Are you a writer who needs some quiet space and time to finish a manuscript? If so, consider booking yourself a stint in gaol.

The Cells for Writers program, a joint initiative of the National Trust (Victoria) and Writers Victoria, offers writers quiet places in which to work. The spaces are actually former prison cells on the top floor of the Old Melbourne Gaol, in Russell Street, Melbourne.

Roderick Poole, Director of Writers Victoria, recommends the program: 'For any writer who has a pressing need to avoid distractions, the cells provide perfect minimalist seclusion.'

Writers can apply to use one of the cells as a studio for a fixed, four-week period. Costs will be subsidised. In return, writers must agree to participate in an Open Cell event on the last Sunday of the month. At these events, writers can share their experiences of working this way.

Applications are open to writers at all stages of writing - beginning, emerging and established. The cost of renting a cell for a month is $120 for Writers Victoria members and $180 for non-members. Further information is included in the application form. Preference will be given to writers working on projects that might have some association with the Gaol, for example, crime writers, historians or biographers.

Cells come equipped with light, power and heating. A desk, chair and personal computer will be provided but no telephone or Internet access.
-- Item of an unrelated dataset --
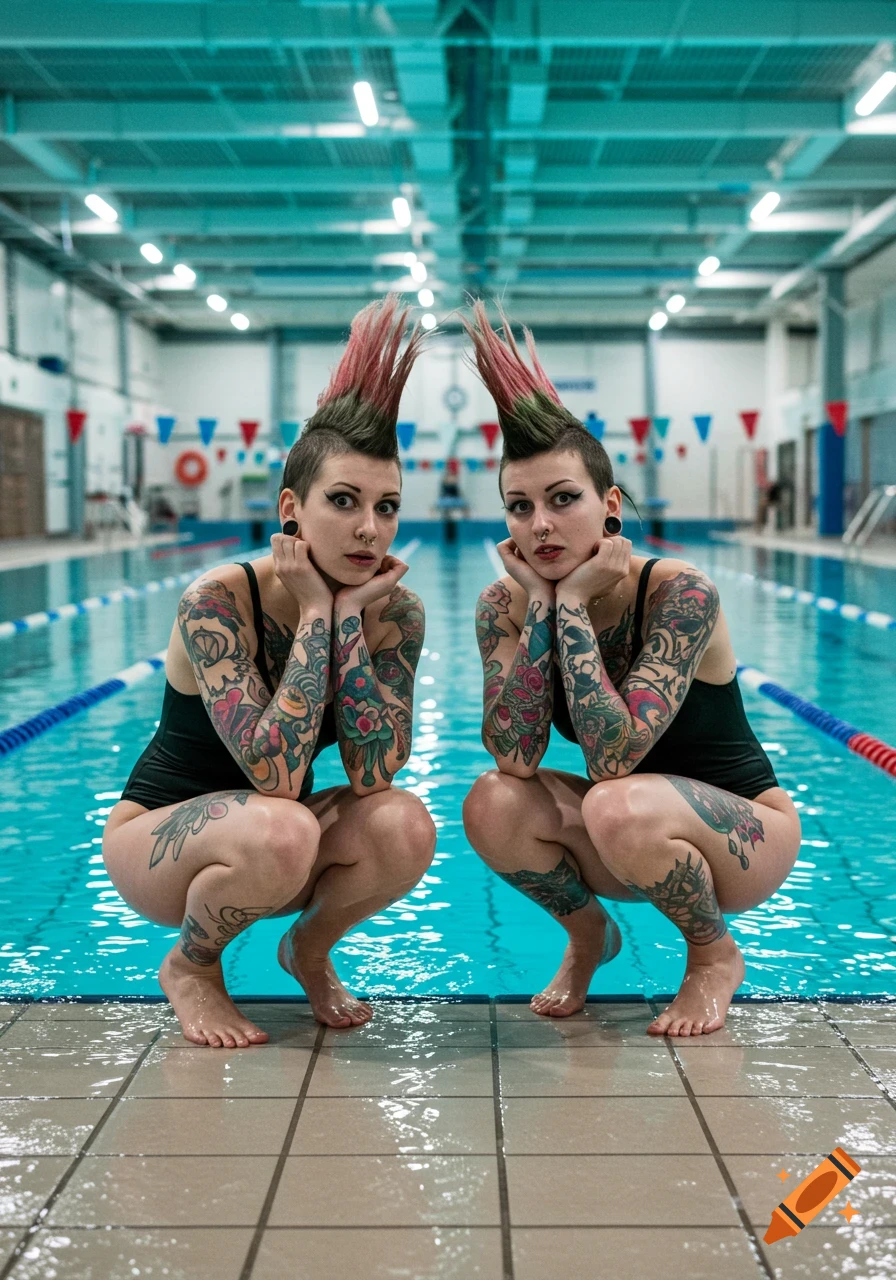 Two photorealistic tattooed punk women with mohawks and piercings crouch nervously at the edge of an indoor swimming pool.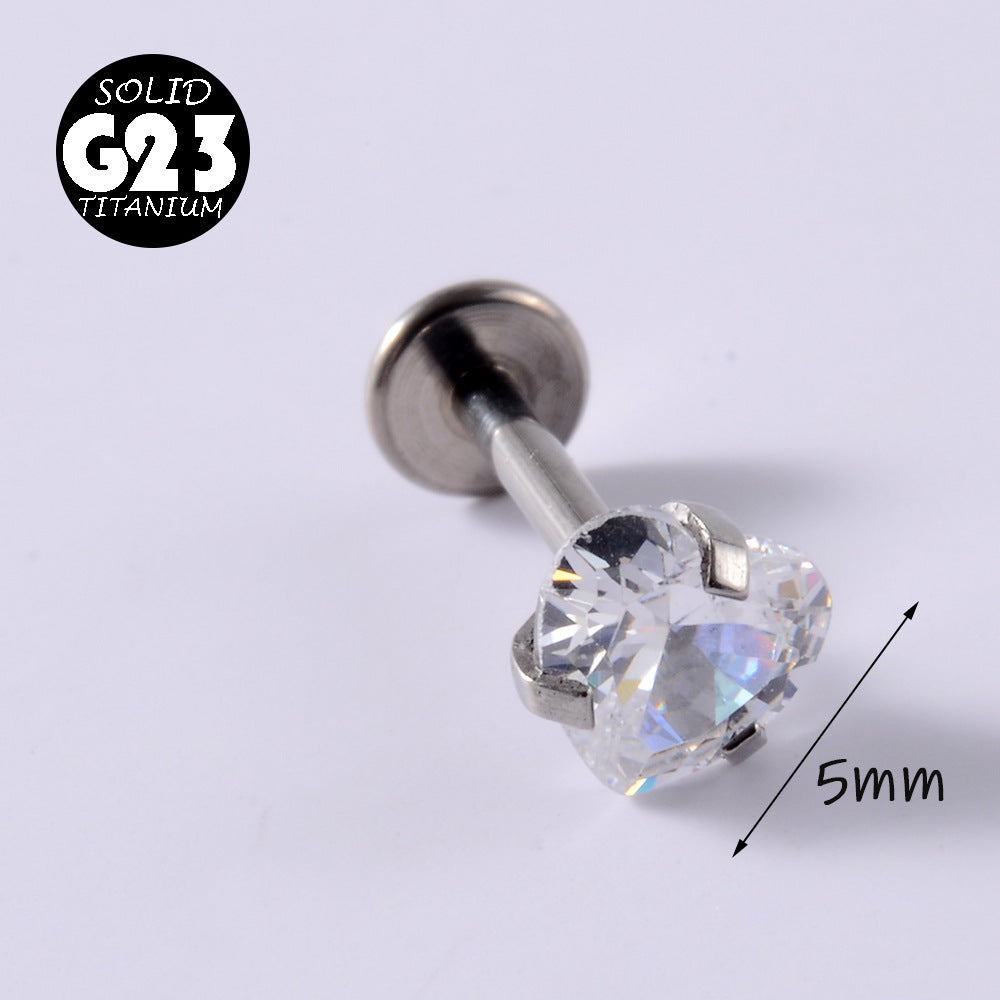 1 Piece Simple Style Flower Titanium Steel Plating Inlay Zircon Lip Stud Ear Studs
Writers will be granted supervised access to the Gaol's archives and reference collection during their stay.

Even if writers are driven to distraction by looming deadlines, the cell cannot be trashed. Leaving the cell in the same state as it was at the start of the residency is one of the contract conditions.

In a nice touch of irony, writers need to have concluded a current police check (issued within the last six months) as a condition of applying.